ABOUT THIS EXERCISE:
For the material below, return exactly the lines starting at the line containing "Dual layer armrest" and ending at the line containing "Comfortable 2BR Upper-Level", both ends included, and no others.

(DATA begins)

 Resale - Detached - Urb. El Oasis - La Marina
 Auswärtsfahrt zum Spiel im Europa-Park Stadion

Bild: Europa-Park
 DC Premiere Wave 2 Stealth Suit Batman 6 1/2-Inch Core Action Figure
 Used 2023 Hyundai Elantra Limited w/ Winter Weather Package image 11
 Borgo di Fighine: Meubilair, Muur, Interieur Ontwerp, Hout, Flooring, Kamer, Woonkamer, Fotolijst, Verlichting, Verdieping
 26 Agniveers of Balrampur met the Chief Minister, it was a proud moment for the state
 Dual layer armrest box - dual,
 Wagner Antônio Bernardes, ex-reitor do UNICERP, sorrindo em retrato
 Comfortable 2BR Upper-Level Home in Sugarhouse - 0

(DATA ends)
(DATA begins)

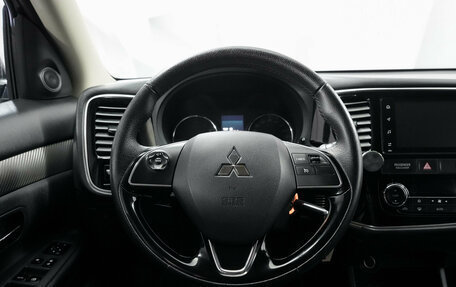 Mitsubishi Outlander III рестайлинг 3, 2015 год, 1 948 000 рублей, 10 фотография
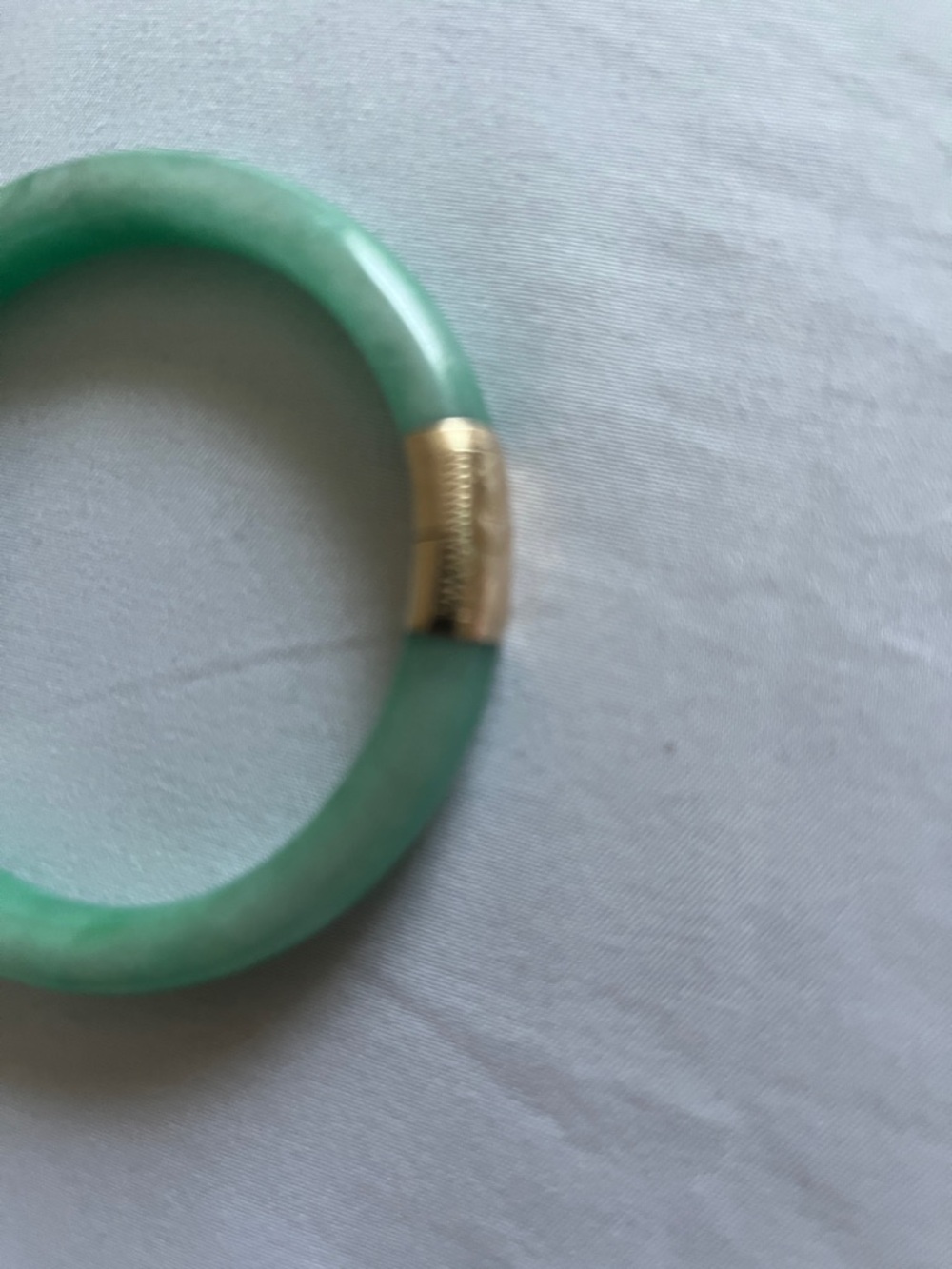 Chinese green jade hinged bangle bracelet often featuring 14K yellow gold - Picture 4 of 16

(DATA ends)

ANSWER FOR THE TASK:
 Dual layer armrest box - dual,
 Wagner Antônio Bernardes, ex-reitor do UNICERP, sorrindo em retrato
 Comfortable 2BR Upper-Level Home in Sugarhouse - 0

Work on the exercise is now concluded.